Mr Zaytsyev, 64, who was serving as a Soviet army officer in May 1986, was one of those ordered to the Chernobyl exclusion zone a month after the accident to help the decontamination operation. He spent seven months burying contaminated equipment and clothes.

In Ukraine last month, Mr Zaytsyev told Ms Roche that, just days into the operation, he suffered high fever and blood poured from his mouth, nose, and ears. In the years afterwards, he lost all his teeth, had surgery for cataracts — a condition common among liquidators — and survived a heart attack.

When Belarussia cut its supports for liquidators in 2007, he founded an association called Dopamoga (Help) and led court cases to restore liquidators’ rights and recognition. However, his own medical records disappeared and, with them, his right to benefits, as part of what he thinks was an effort by authorities to harass him.

Mr Zaytsyev gave Ms Roche his Chernobyl medal and asked that their story be told at the UN. Ms Roche told the assembly: “This medal has travelled from Ukraine to Ireland, Ireland to New York, so that these men’s stories may be heard, so they will no longer be silenced.”

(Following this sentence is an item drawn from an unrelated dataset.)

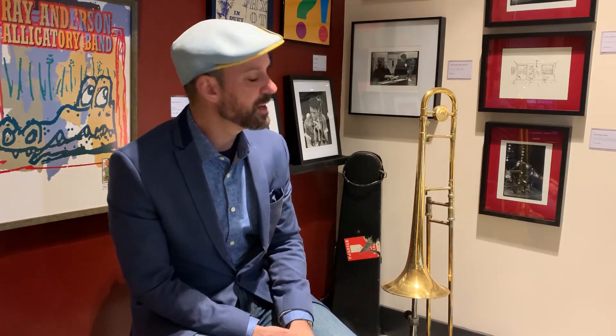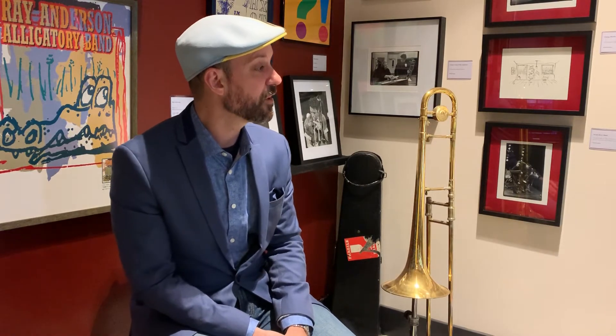We have some wonderful manuscripts on display, including the manuscript of the Literary Lizard — that was the tune you were listening to before we started today. So come on down to the Jazz Loft and check out the Ray Anderson Archives, as well as many others here on display.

During her address, Ms Roche also called for a ‘clean food’ fundfor Chernobyl-affected regions, for improved food monitoring, and for the reinstatement of radiation check-ups for people living in contaminated zones. She urged the UN to ensure highly radioactive zones are not declassified for farming and repopulation, and called for April 26 to be deemed an annual Chernobyl remembrance day.

Meanwhile, Maxim Peshkov, Russian ambassador to Ireland, and Serhii Romanenko, the chargés d’affaires of the Ukrainian embassy, attended a Chernobyl commemorative event in Cork’s Bishop Lucey Park yesterday, organised by The Greater Chernobyl Cause. The charity dispatched a humanitarian aid shipment to its newly built hospice in Semipalatinsk, Kazakhstan, yesterday.